Por aqui, a ascensão do bolsonarismo,
a Vaza-Jato, o fim do ciclo do punitivismo, soterrado pelo deslumbramento
invencível de seus principais personagens e a emulação dos movimentos
midiáticos dos EUA revertem a onda. A moda, então, volta a ser o politicamente
correto, a empatia, a solidariedade.
Aí há o aggiornamento dos jornalistas
de marketing, correndo para se colocar no novo cenário. E, assim como na saída
da ditadura, renova-se o pacto de anistia, e o interesse tático prevalece para
não atrapalhar os movimentos táticos. Se, agora, o trabalho é útil para a
causa, esqueça a coerência.
E, assim, jornalistas que se
especializaram em delações, em promover o ódio, em galgar postos colocando-se a
serviço do jornalismo de esgoto, reescrevem a biografia, com maior ou menor
talento. Na próxima onda de ódio, voltarão aos velhos princípios, da mesma
maneira que trocam de chinelos. Mas os aliados atuais ouvirão as críticas com o
mesmo muxoxo com que Augusto Aras rebate as denúncias contra Bolsonaro: é seu
direito de mudar de opinião. Afinal, a hipocrisia não é prerrogativa de nenhum
partido, nenhuma linha ideológica: é coisa nossa. E o utilitarismo é a marca
principal de todos os pactos. É útil?, esqueça o resto. Afinal, é uma sociedade
que foi construída em cima do utilitarismo, do imediatismo mais estreito.
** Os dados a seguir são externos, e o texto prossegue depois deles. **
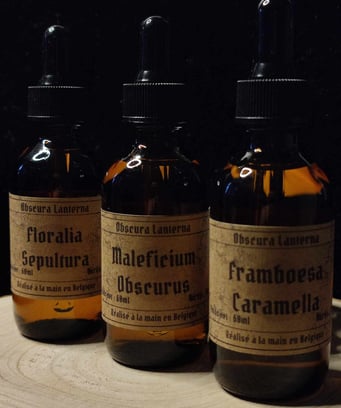 Trois fioles d'huile végétale, dans des bouteille en verre ambrée, étiquettes kraft type apothicaire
Mas os arquivos implacáveis da
Internet anotam que, em um dia qualquer do passado, delataram colégios por
práticas políticas, denunciaram austeras professoras da USP como traficantes,
por proporem políticas de redução de danos para a droga, valeram-se das piores
baixarias para cimentar suas carreiras.
(Em favor de Azevedo ressalte-se que
pulou do barco da Lava Jato um pouco antes da mudança da onda. E tem talento.)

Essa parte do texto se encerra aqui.